▶ _What you are asked to do_
Copy exactly, and only, the lines from the one with "Hombre teniendo un" to the end of the listing; omit pictures.

** Provided data follows **

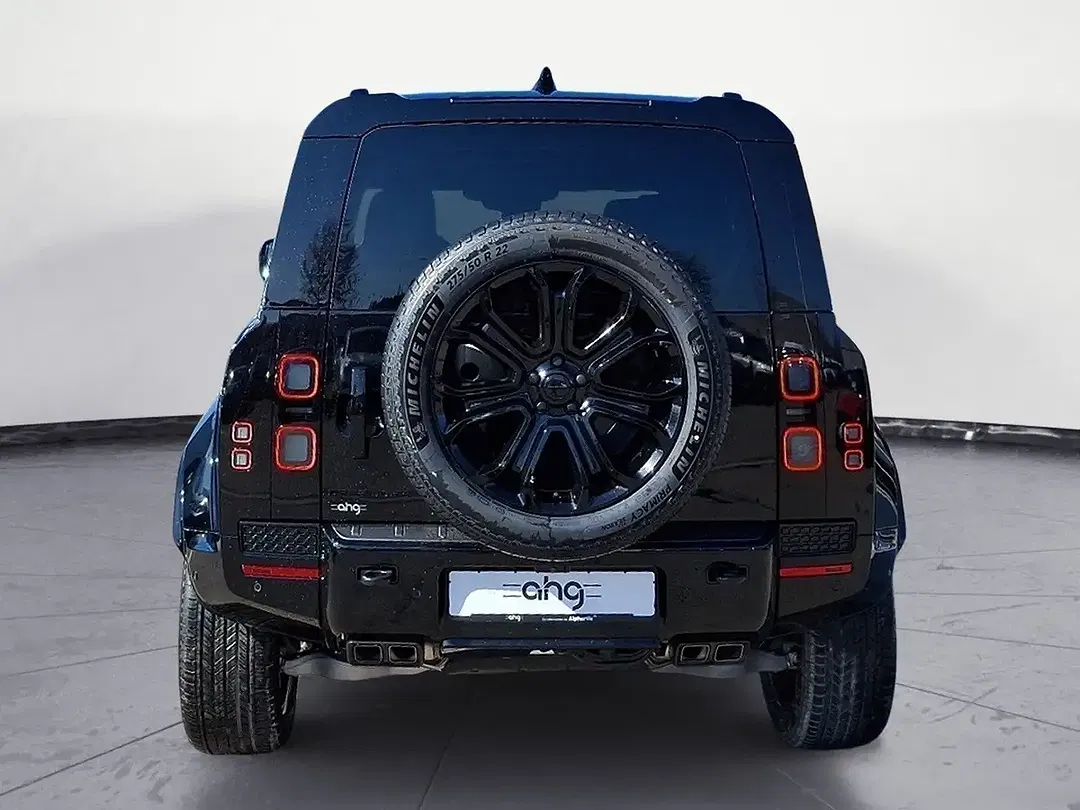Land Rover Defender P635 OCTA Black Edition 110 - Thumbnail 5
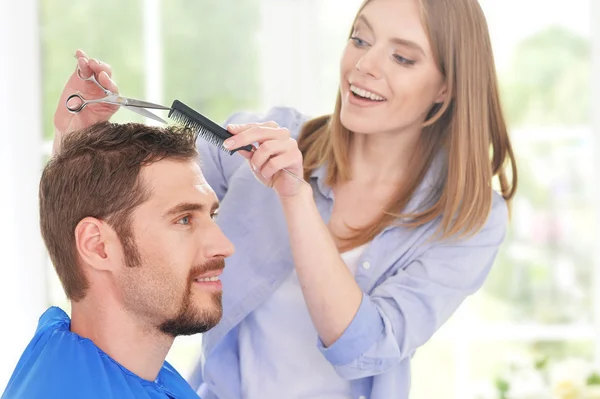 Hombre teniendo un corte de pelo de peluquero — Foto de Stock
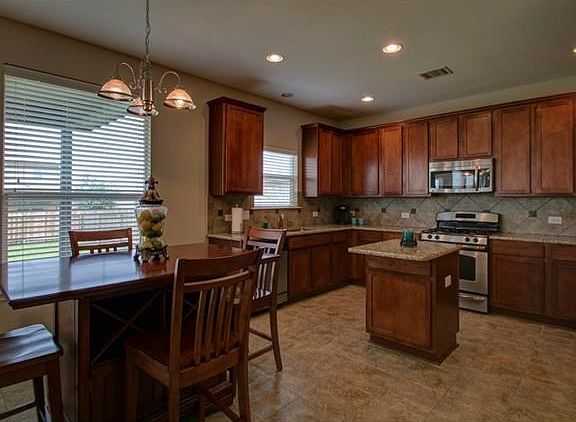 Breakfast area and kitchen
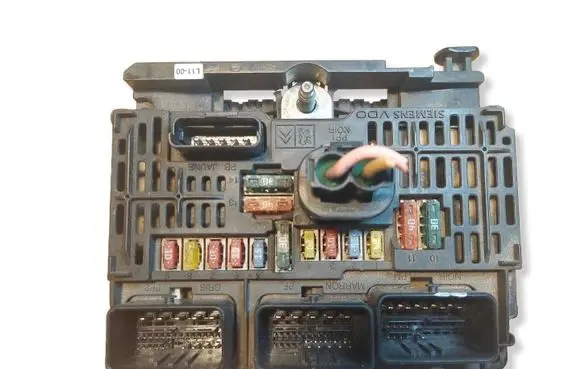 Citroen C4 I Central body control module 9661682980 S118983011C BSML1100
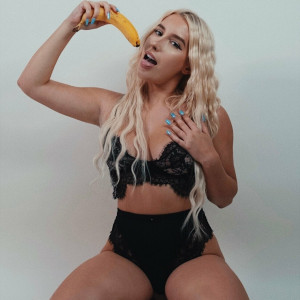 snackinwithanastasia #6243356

** End of Provided data **

▶ _Answer space_
 Hombre teniendo un corte de pelo de peluquero — Foto de Stock
 Breakfast area and kitchen
 Citroen C4 I Central body control module 9661682980 S118983011C BSML1100
 snackinwithanastasia #6243356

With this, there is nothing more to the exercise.